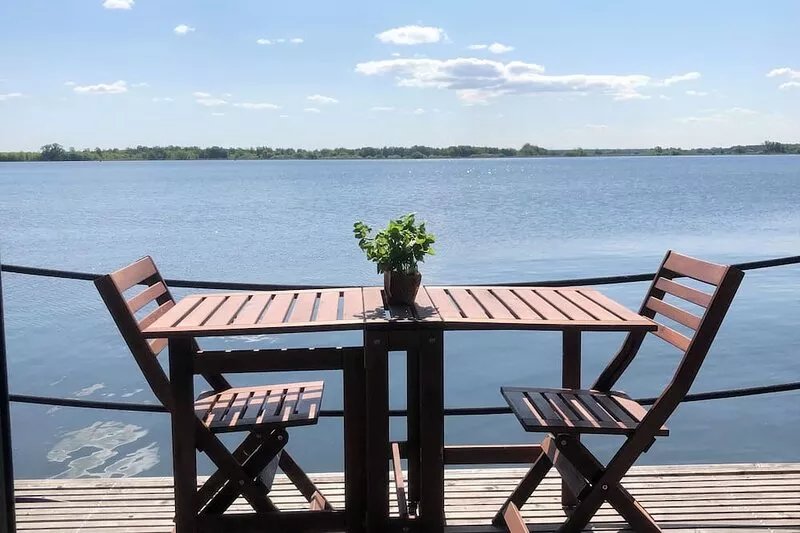 Cozy and romantic houseboat in a prime location with fireplace and sauna.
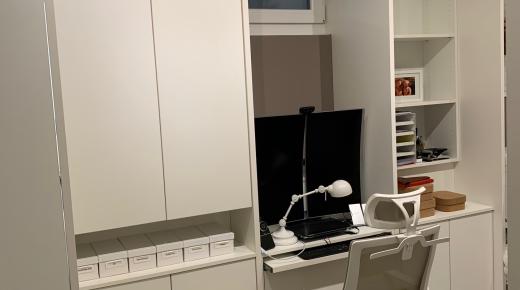 Homeoffice-Arbeitsplatz in Schrank integriert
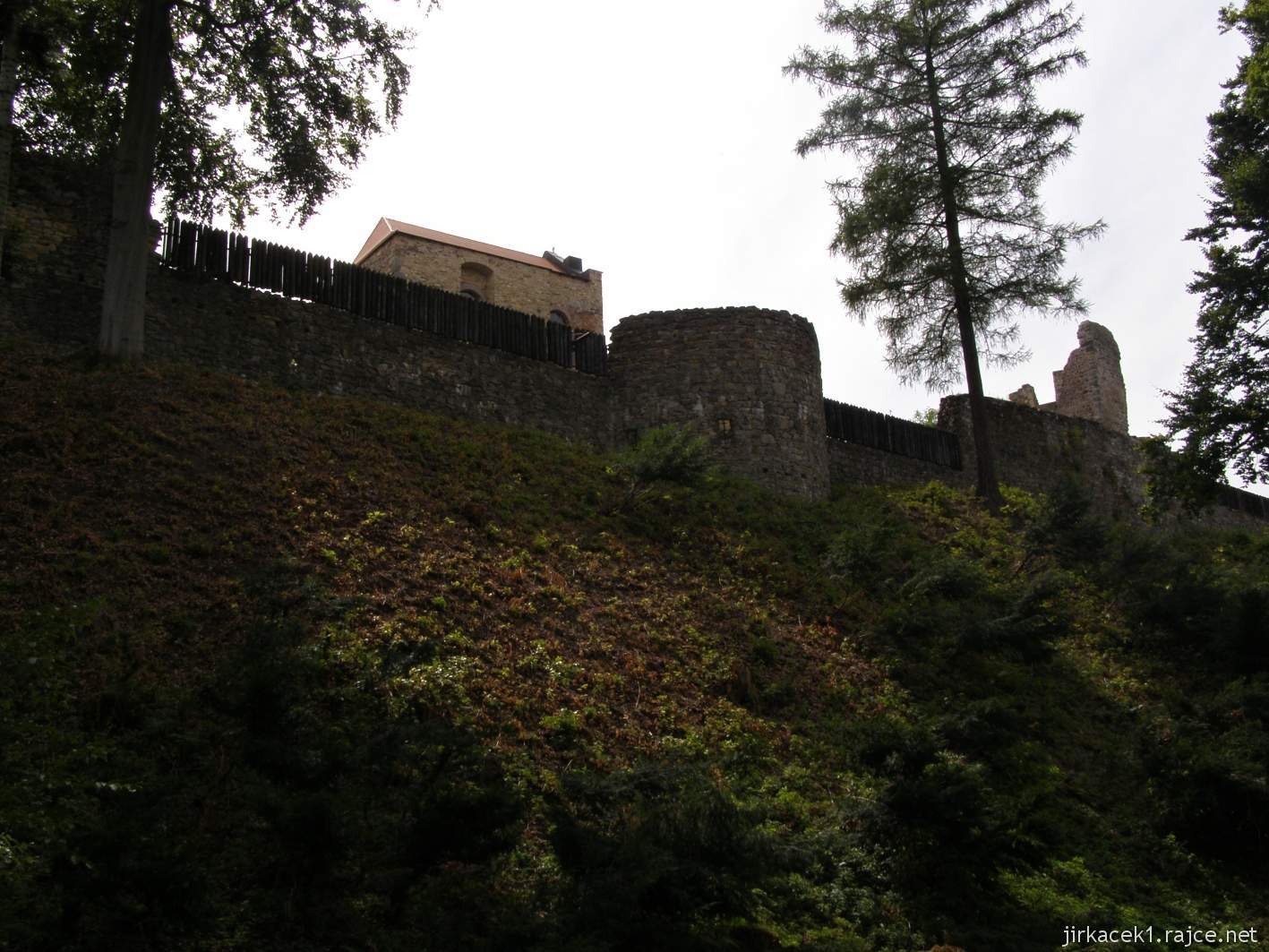hrad Potštejn 14 - hradby a dělostřelecké bašty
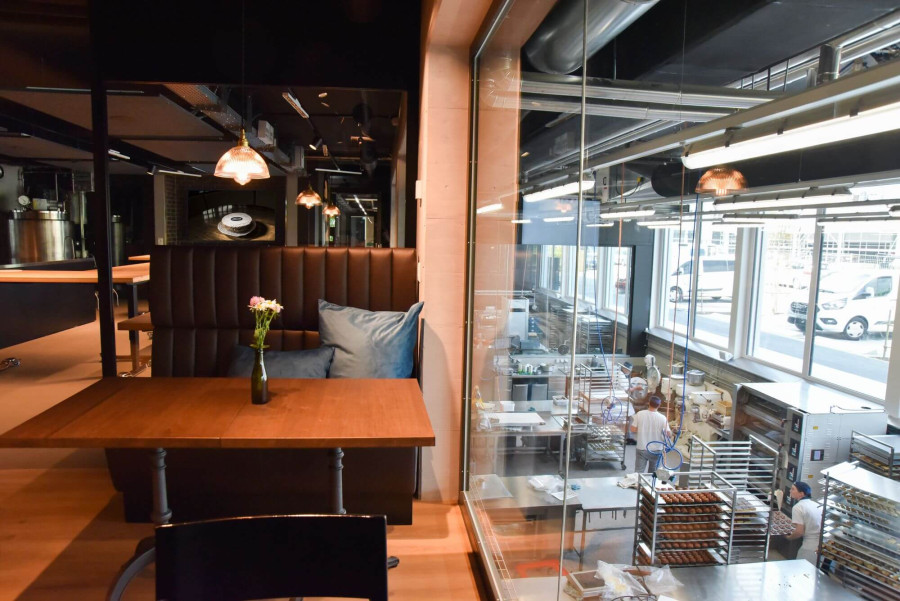 Frühstück oder Brunch in der Confiserie-Café Speck Backstube Göbli in Zug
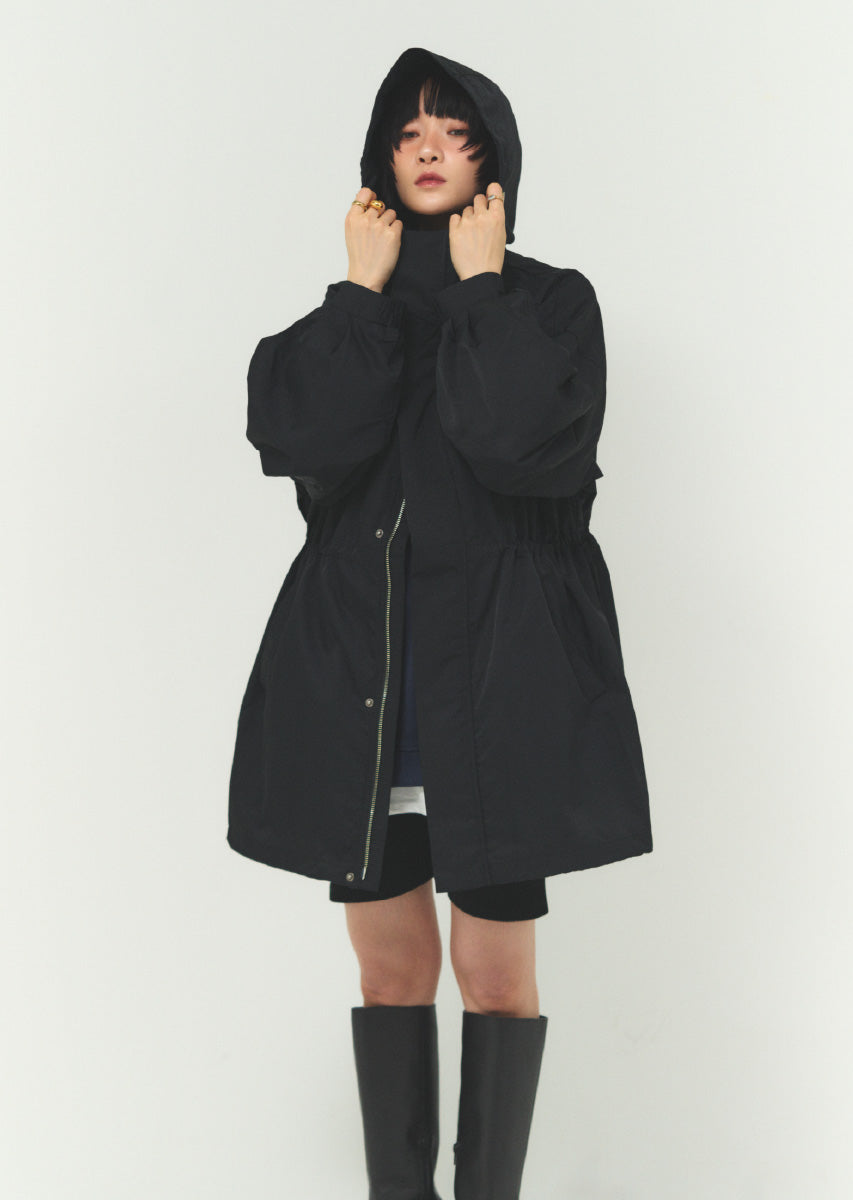 ナイロンミディマウンテンパーカー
+++
# THE TASK:
When the line containing "Homeoffice-Arbeitsplatz in Schrank" is reached, write out that line and each one after it exactly, ending with the last line of the records; pictures are not copied.

# EXPECTED OUTPUT:
 Homeoffice-Arbeitsplatz in Schrank integriert
hrad Potštejn 14 - hradby a dělostřelecké bašty
 Frühstück oder Brunch in der Confiserie-Café Speck Backstube Göbli in Zug
 ナイロンミディマウンテンパーカー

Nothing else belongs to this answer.